(WHAT THE TASK REQUIRES): For this exercise, copy exactly every line from the one holding "0-3 3-6 6-9" through the end of the data, both included. Omit pictures.

(COLLECTED DATA):
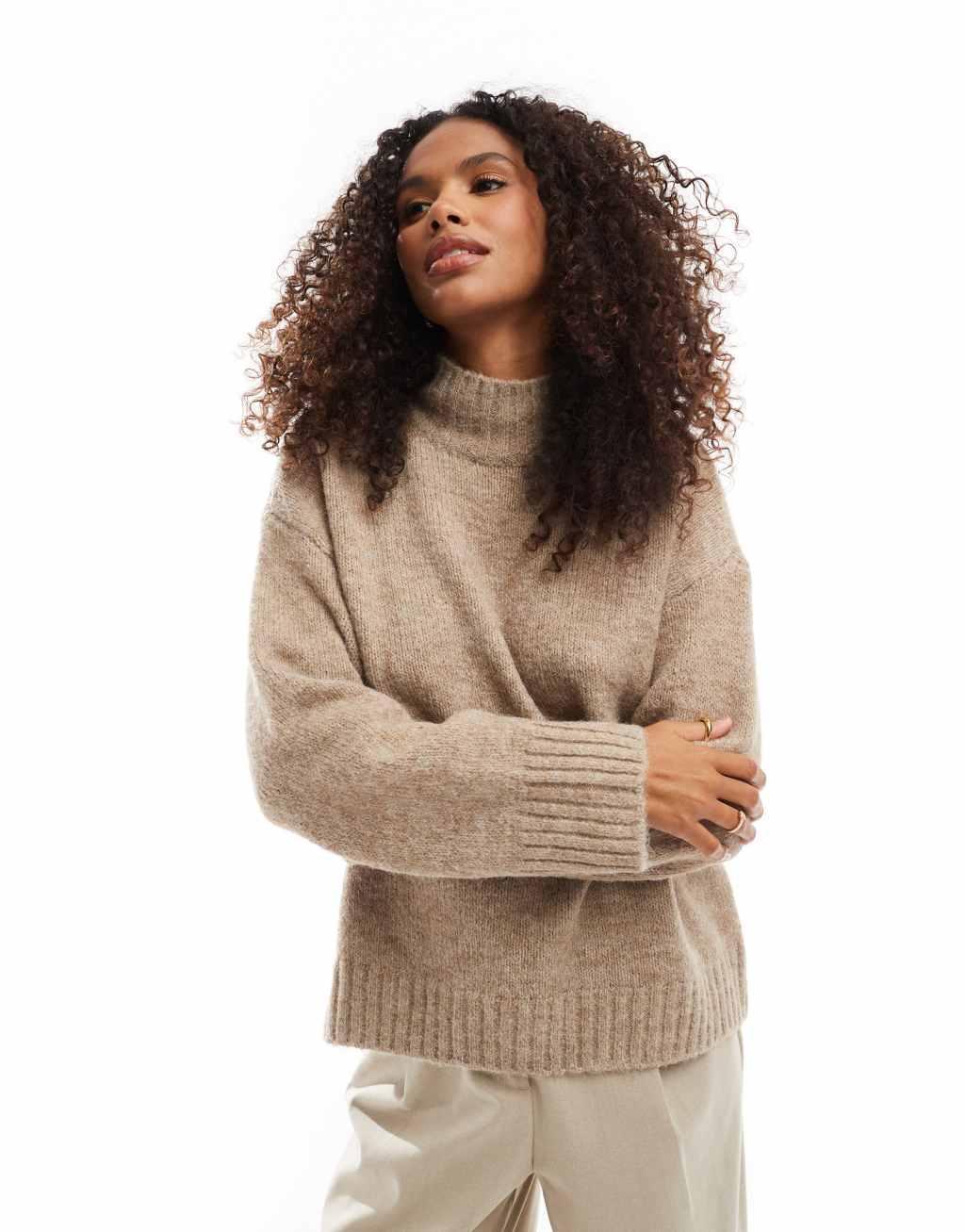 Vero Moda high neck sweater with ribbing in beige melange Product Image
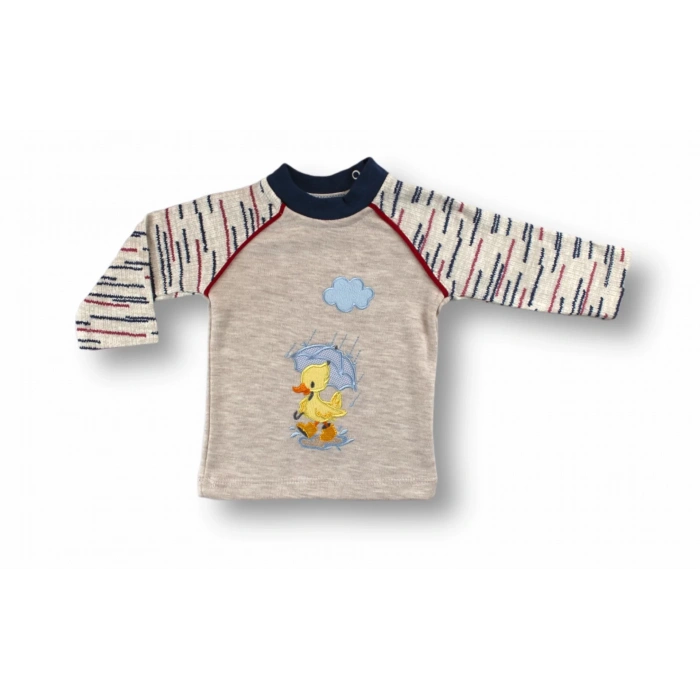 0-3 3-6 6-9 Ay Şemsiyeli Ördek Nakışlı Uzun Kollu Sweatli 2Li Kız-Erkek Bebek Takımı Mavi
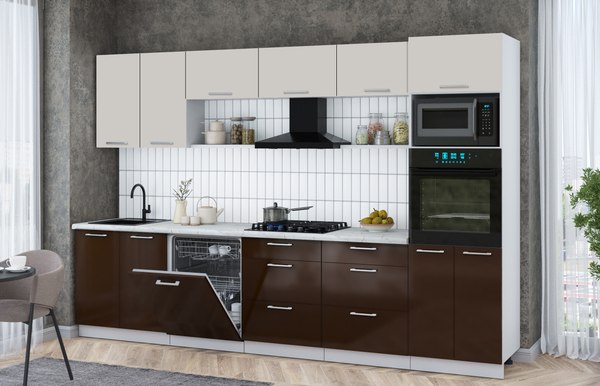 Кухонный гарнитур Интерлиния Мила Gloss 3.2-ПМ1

(WRITTEN SOLUTION):
 0-3 3-6 6-9 Ay Şemsiyeli Ördek Nakışlı Uzun Kollu Sweatli 2Li Kız-Erkek Bebek Takımı Mavi
 Кухонный гарнитур Интерлиния Мила Gloss 3.2-ПМ1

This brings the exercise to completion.